EXERCISE OBJECTIVE = A faithful copy is required: transcribe each line below exactly, minus the pictures.

DATA PROVIDED =
======
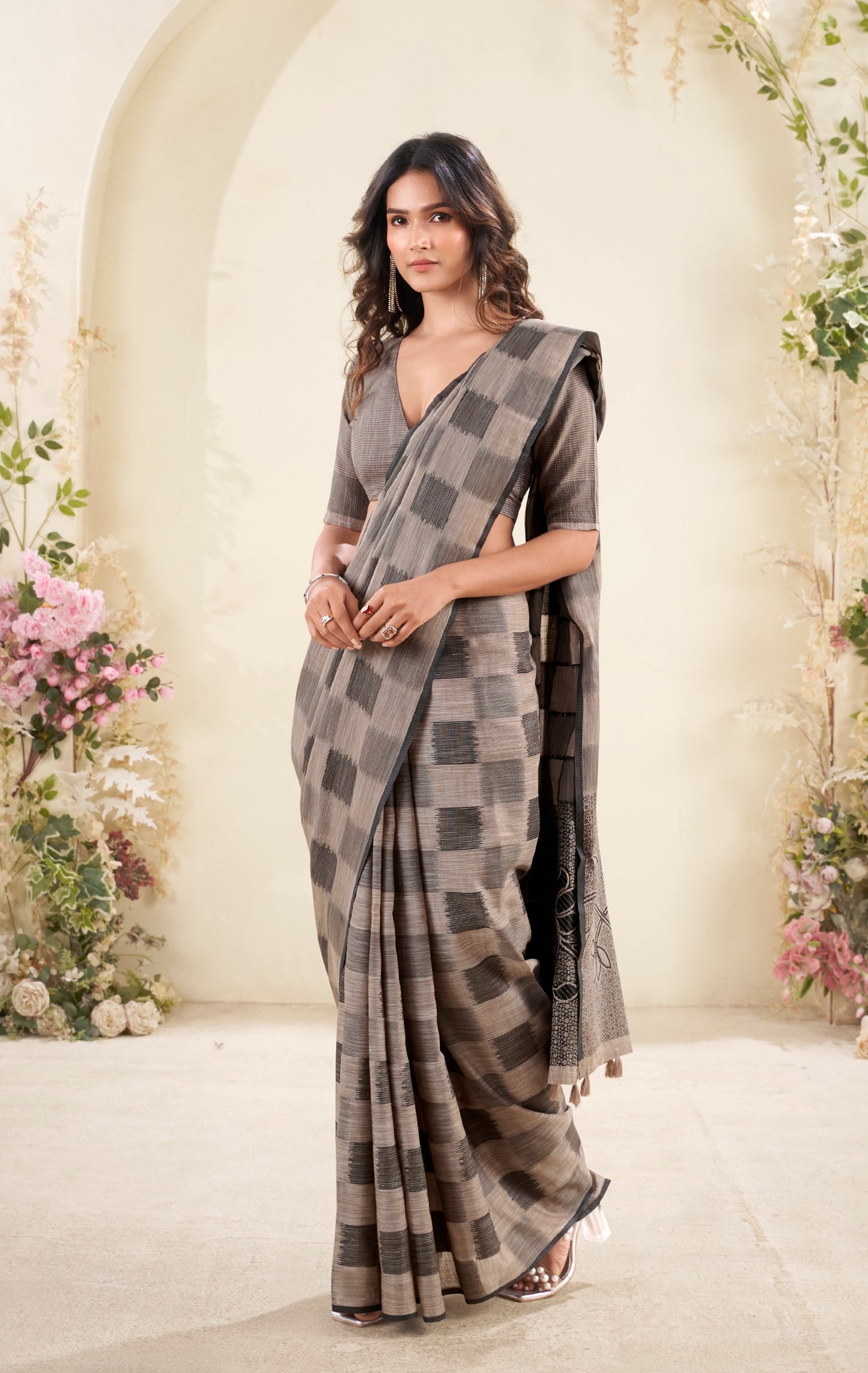 Grey Checks Linen Silk Office Wear Easy/Readymade Saree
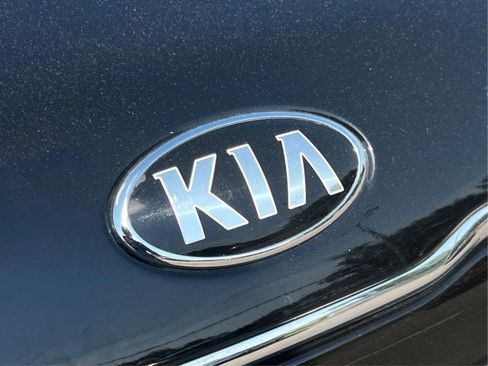 Used 2016 Kia Soul + FWD image 29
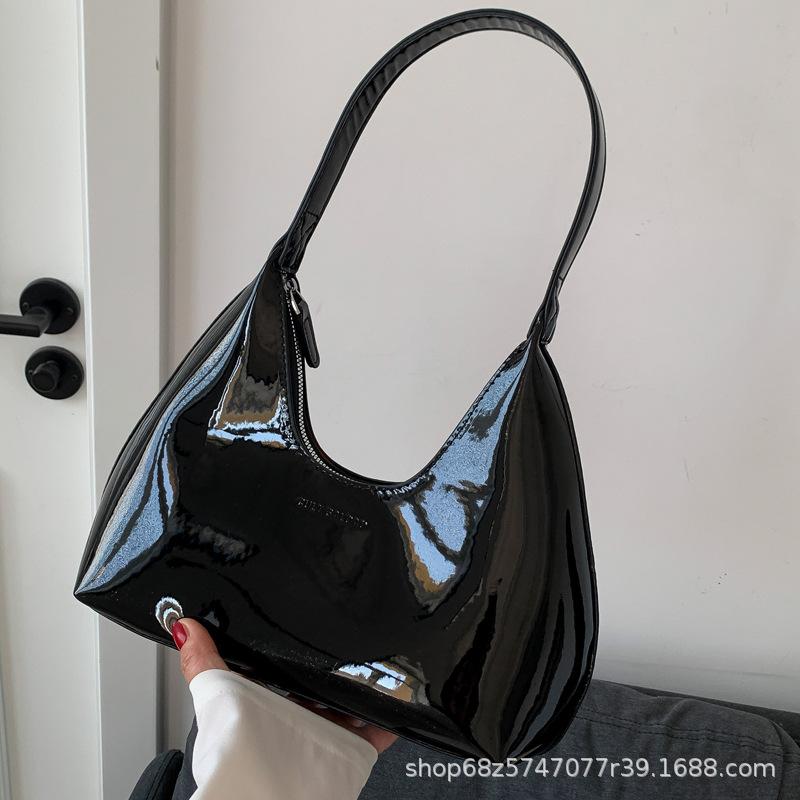Fashionable shiny small bag women's 2025 new high-end versatile underarm bag women's popular commuter shoulder bag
======
TASK RESULT =
 Grey Checks Linen Silk Office Wear Easy/Readymade Saree
 Used 2016 Kia Soul + FWD image 29
Fashionable shiny small bag women's 2025 new high-end versatile underarm bag women's popular commuter shoulder bag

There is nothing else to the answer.